Next, the FTC dismisses Wyndham’s claim that the term “unfair” should be limited to an “ordinary English” definition of intentional “unscrupulous or unethical behavior.” No court has ever suggested such a limited interpretation, and doing so now would contradict decades of precedent. This reading also contradicts the 1980 Policy Statement on Unfairness, which rejected morality and intent as bases to assess the fairness of a company’s practices. Moreover, the FTC argues, the statute itself provides the definition of “unfairness” in the combination of the broad prohibition in Section 5(a) of “unfair… acts or practices in or affecting commerce” and the requirements of the consumer injury test codified in Section 5(n). Unlike the narrowly applicable definition Wyndham offers in its appeal, the definition provided by the statute covers direct and indirect liability for consumer injury and does not exempt businesses that expose themselves to harm through negligence that also injures consumers.
In its third argument, the FTC maintains that its interpretation of the unfairness provision to include unreasonable data security practices is valid even though Section 5 does not specifically grant authority to enforce data security. While Wyndham argued that recent data security legislation such as GLBA, FCRA and COPPA precludes the inference that Section 5 authorized the FTC to enforce data security standards, the FTC responds that such legislation in fact augments its existing authority. It argues that Wyndham’s reliance on FDA v. Brown & Williamson Tobacco Corp., in which the Supreme Court ruled that the Food and Drug Administration lacked the authority to regulate tobacco under the Food, Drug and Cosmetic Act because this would have contradicted tobacco-specific statutes, is misguided because the data security statutes do not conflict with the FTC Act. The FTC’s data security authority more closely resembles the powers of the Environmental Protection Agency (EPA) under the Clean Air Act. In Massachusetts v. EPA, the Supreme Court held that more recent climate change legislation did not prohibit the EPA from applying the Clean Air Act to control carbon dioxide emissions.

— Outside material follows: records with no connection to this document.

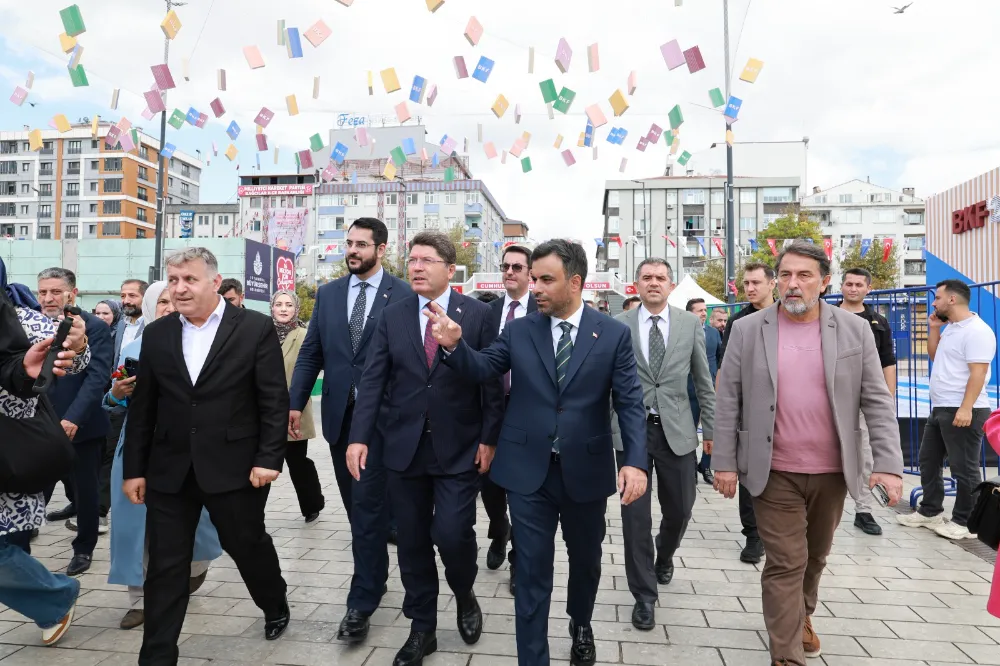 Bakan Tunç Bağcılarda 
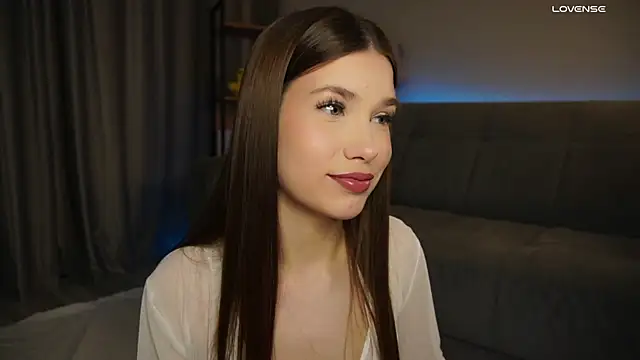  Eva Lee online show from 02.27.25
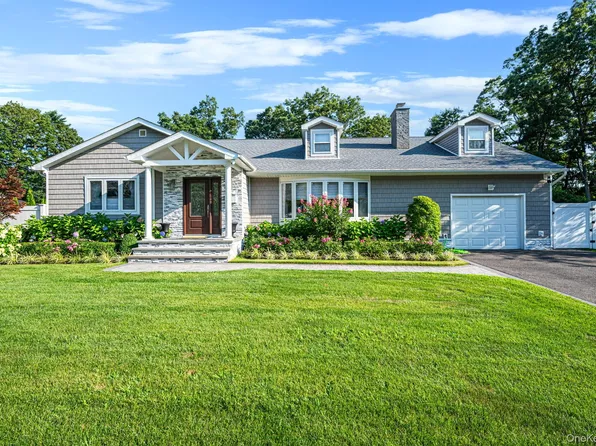 61 Lauren Avenue, Dix Hills, NY 11746
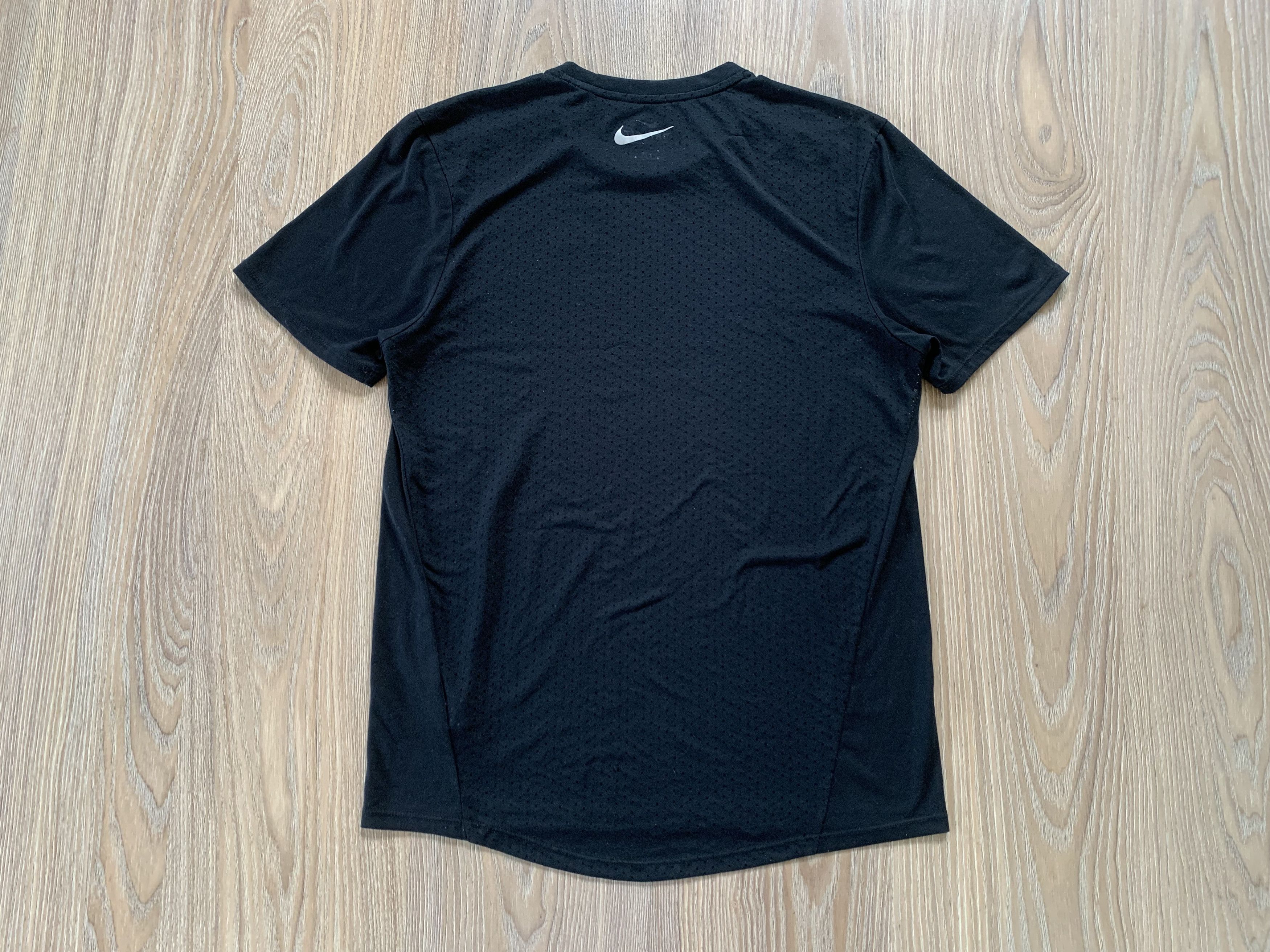 Nike Nike Running Men's Core Dri-FIT Miler Short Sleeve Tee Size US S / EU 44-46 / 1 - 4 Thumbnail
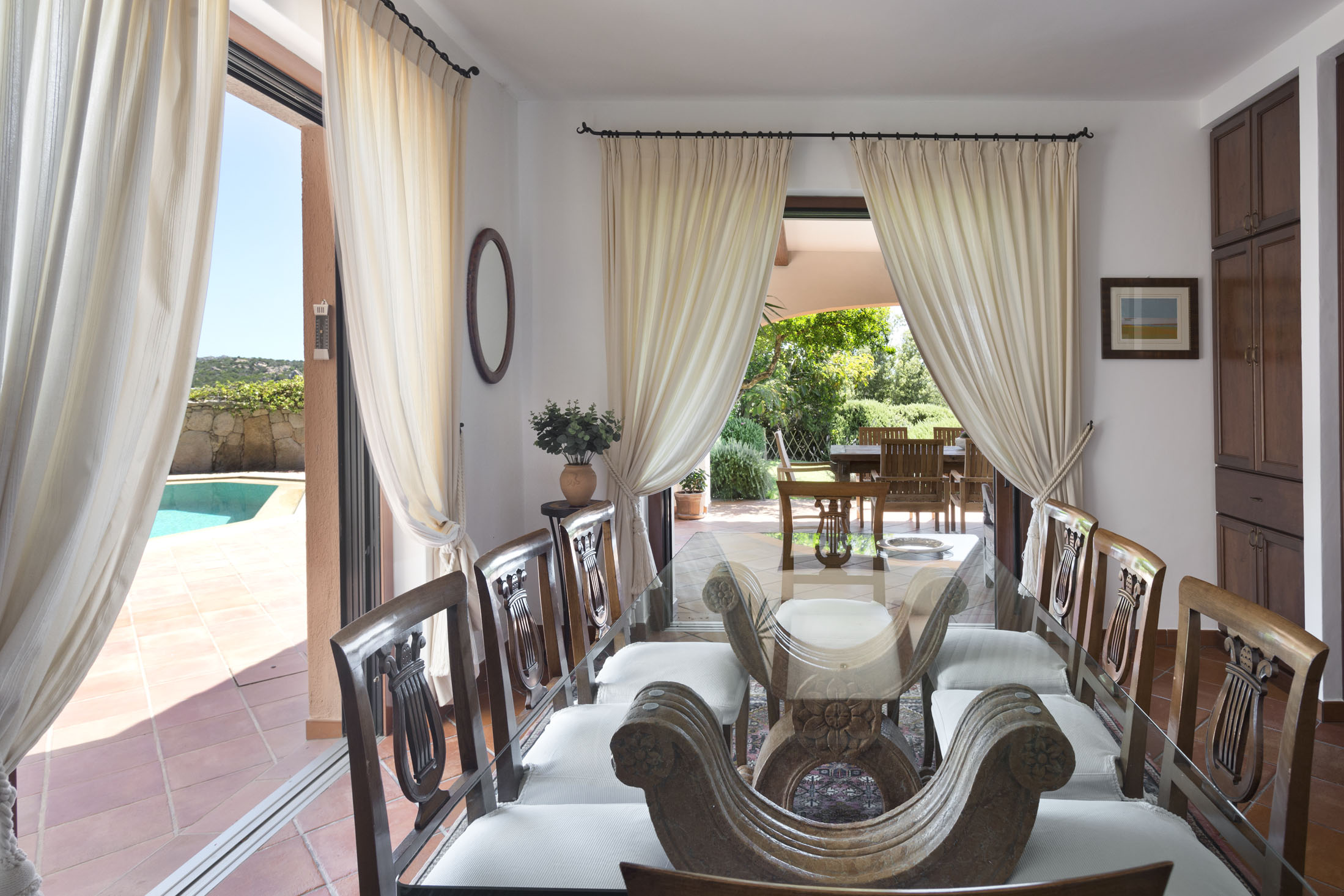 7 Bedroom Single Family Home/House's Image 4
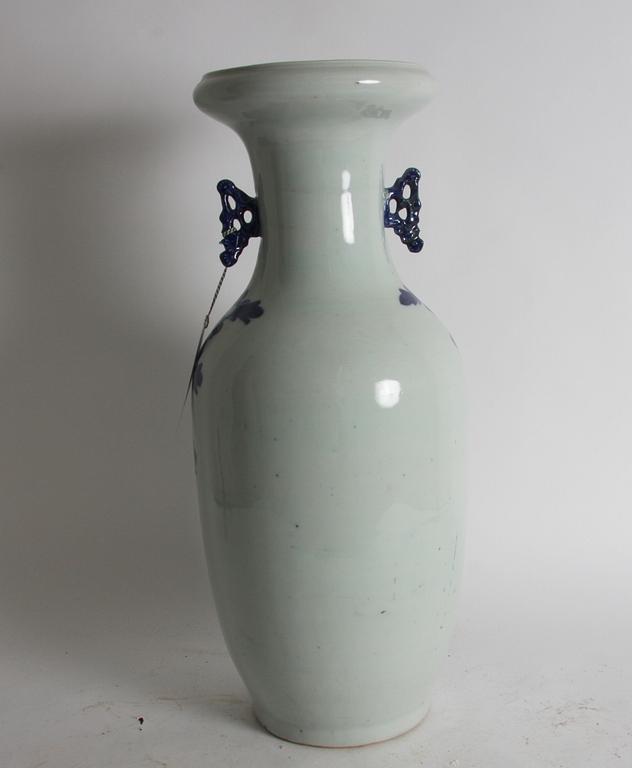 GOLVURNA, porslin, Kina, 1800/1900-tal.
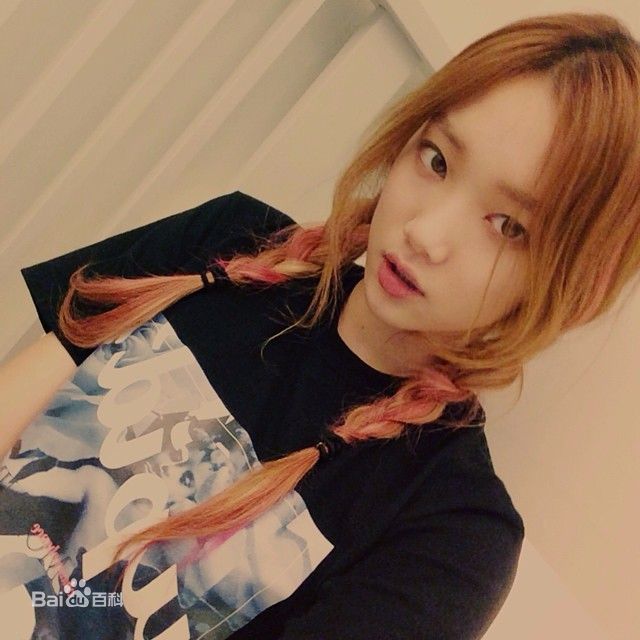 李聖經（朝鲜汉字）(；Lee Sung Kyung)李圣经前后照片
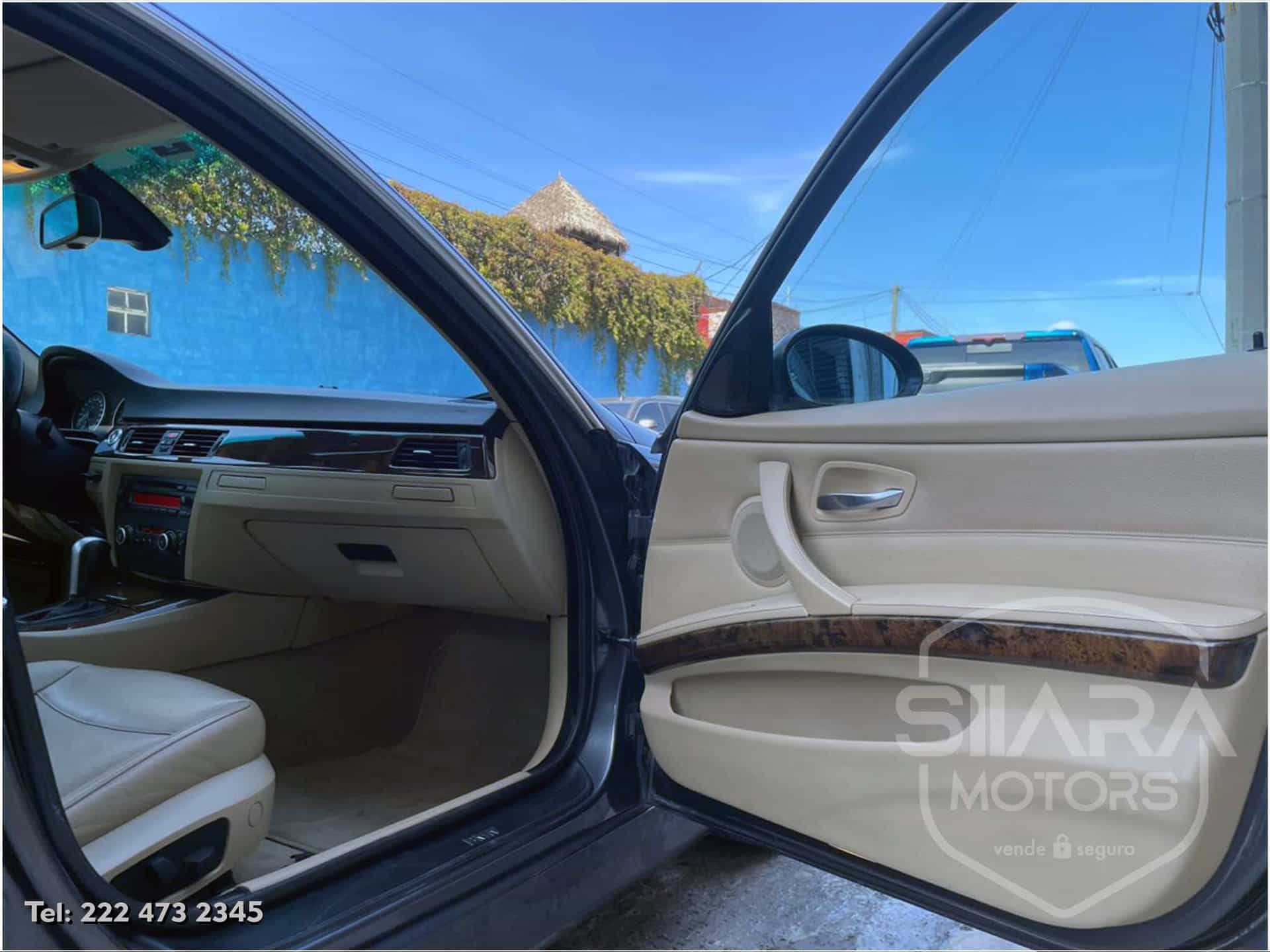 Bmw Serie 3 325i Premium 2007 - Foto 18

Finally, the FTC argues that the commission’s interpretation of “unfair” is entitled to deference as established in Chevron U.S.A. Inc. v. Natural Resources Defense Council, Inc. Under Chevron, which was reaffirmed in City of Arlington, Texas, v. FCC, if Congress has not already directly addressed the exact question at issue and the agency’s interpretation is based on a permissible construction of the statute, a reviewing court must yield to the agency’s construction. According to the FTC, its interpretation of the unfairness provision of Section 5 meets both of the requirements of Chevron; consequently, the commission’s interpretation that unfair practices include unreasonable data security practices should stand.
Wyndham Had Fair Notice
In response to the second question presented on appeal, the FTC maintains that Wyndham had fair notice of its obligation to take reasonable steps to protect confidential consumer data and was therefore not denied its constitutionally protected right to due process. The FTC defends this position with two arguments. First, it notes that its complaint against Wyndham is based on basic principles of negligence; all businesses are aware of their obligation to follow reasonable standards of customer care. Wyndham, which has long made assurances in its privacy policy that it would provide reasonable data security for its customer’s information, is no exception. In fact, the FTC argues, having promised that it would implement a variety of specific security measures that it then failed to employ, Wyndham cannot now claim that it lacked notice of its data security responsibilities. In addition, the FTC claims that its data security standards are grounded on basic notions of common law as reflected, for example, in the tort of negligence, which closely mirrors the unfairness test iterated in Section 5(n).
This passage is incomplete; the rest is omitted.